The next day, German troops burned the Serbian village. Felman later recalled this event:
To this day, I can smell the terrible stench of their burning flesh. One does not forget such things. Felman explained why the forces under Mihailovich had avoided direct attacks on German troops. At the start of the conflict, the Serbian guerrillas had engaged the German forces directly and had inflicted high casualties.
The German command, however, responded with retaliations against the Serbian civilian population. For every German soldier killed, one hundred Serbs would be executed. In October, 1941, approximately 8,000 Serbian civilians, many of them schoolchildren in the city of Kragujevac, were rounded up and executed in retaliation for the killing of German troops.

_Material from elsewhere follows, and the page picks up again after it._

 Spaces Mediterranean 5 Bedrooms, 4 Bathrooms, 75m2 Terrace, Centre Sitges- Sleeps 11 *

The cost became too high. So Mihailovich’s forces engaged in what Felman termed ‘SubtleSabotage’, sabotage that could not be detected. Moreover, German troops would no longer be randomly attacked but the focus would be on German military officers and key military leaders.

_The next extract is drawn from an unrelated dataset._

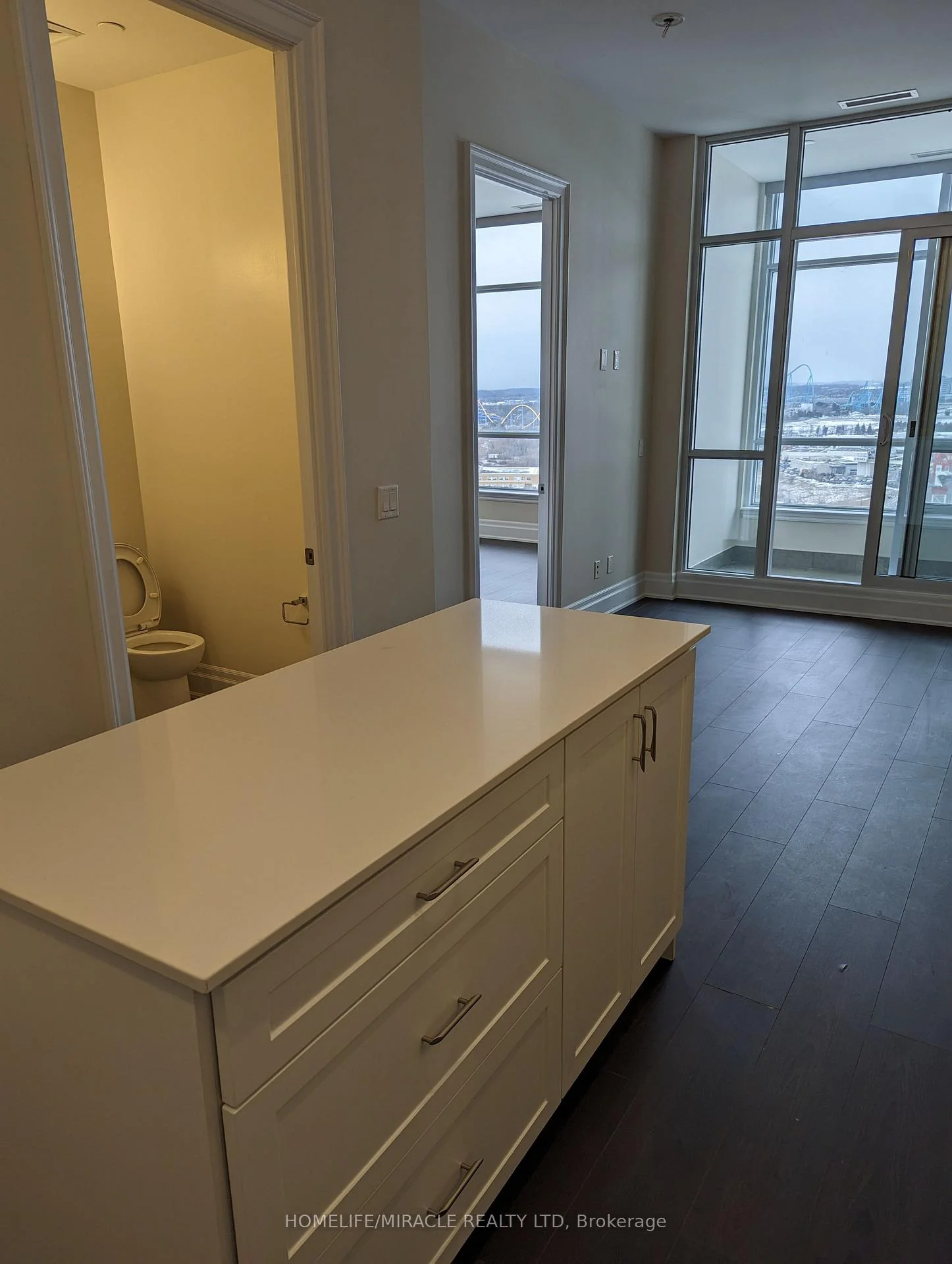 Photo 22 of Unit PH02, 9085 Jane Street, Vaughan, Concord — HOMEH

Felman actually participated in acts of Subtle Sabotage with Mihailovich’s Chetnik troops. He described how Chetnik forces had hollowed out pieces of coal and instead placed TNT in the core and deposited them on the coal car of a German transport train bound for Roumania. Finely ground-up gravel was placed on the axle gears of trucks and trains which would gradually breakdown.
The Evacuation from Pranjane
Felman and the other crew members began planning and organizing their evacuation from Pranjane once they had recuperated from their injuries. By this time, French, British, Canadian, Italian, and Russian airmen or escaped POWs from the German camp in Belgrade had joined the US airmen. The difficulty was establishing communication or contact with the US base in Bari, Italy, the Headquarters of the 15th US Air Force command.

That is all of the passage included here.